A good example of a distributed energy storage device (DESD) incorporates an isolated bidirectional DC-DC converter with 650V GaN transistors. The DESD integrates a 13.2V low-voltage Li-ion battery pack, an embedded bi-directional DC-DC converter and wireless communication system. These three parts can be packaged together, enabling it to be directly connected to high-voltage (380V) DC grid. This enables a modular approach for battery energy storage systems. Two 650V enhancement mode GaN transistors are used at the high voltage side. A 400V to 12V DC (for example, auxiliary power), 1kW converter for 1kWh DESD is shown in Figure 2, at right.
GaN power devices enable a marked improvement over a Si device. GaN transistors make performance improvements by expanding the operation range to light load, reducing switching loss and EMI, increasing the total efficiency of charging and discharging operation.
A half bridge center-tap design, with an active clamp power stage, can be designed to provide considerable benefits in low voltage and high current bidirectional power conversion. See Figure 3, at right.
GaN power switches will also extend the safe operation area (SOA) and increase efficiency over Si devices. GaN devices achieve this improved performance over Si devices due to the smaller COSS capacitance which enables lower turn-off losses; this can allow the converter to operate in a hard switching mode. Also, there is near zero reverse recovery time and reverse recovery charge of the body diode in a GaN device that shortens the turn-off time when the high voltage side switches operate in the rectifying mode.
Silicon carbide (SiC) technology provides another excellent power improvement over Si at the core of ESS solutions. SiC power semiconductor solutions can enable at least 50% more efficiency than Si and will easily handle higher grid-scale voltages. The system-level gains added performance from the efficiency, power density, and fast switching speed that SiC power devices provide.

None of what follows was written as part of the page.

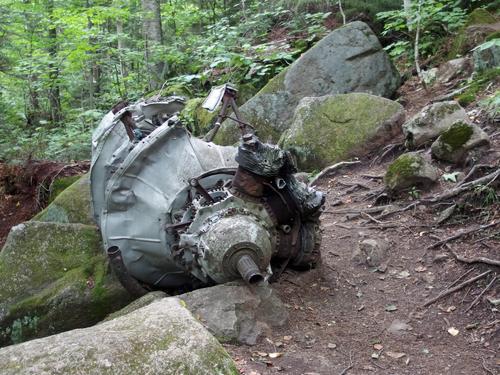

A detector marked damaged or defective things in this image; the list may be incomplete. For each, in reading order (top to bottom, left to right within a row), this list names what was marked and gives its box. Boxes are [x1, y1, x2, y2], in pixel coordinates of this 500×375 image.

crashed bomber engine [91, 92, 324, 296]
corroded metal casing [197, 216, 272, 284]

Using a SiC module: In order to reach high switching speeds with low switching losses, a package can be designed to achieve low stray inductance for both the module and the system-level busbar design.
The current loops within Wolfspeed modules are wide, low profile, and yield even distribution between the devices, resulting in equivalent impedances across a switch position. The power terminals on the module are also vertically offset. This enables design of simple bussing between the DC link capacitors and the module, laminated all the way up to the module without requiring bends, coining, standoffs or any complex isolation. The result is a power loop stray inductance of just 6.7 nH at 10 MHz — as demonstrated in the XM3 inverter reference design. See Figure 4, at right.
With half the weight and volume of a standard 62 mm module, Wolfspeed’s XM3 power module platform maximizes power density (up to 450A) while minimizing loop inductance and enabling simple power bussing. See Figure 5, at right.
The XM3’s SiC-optimized packaging enables 175 °C continuous junction operation.
Energy storage systems are critical for the fast-growing renewable energy market worldwide. The use of Silicon power devices in such a design does no justice to the size, weight, and power of these systems as compared to using WBG devices which will also greatly improve efficiency and operate at higher voltages.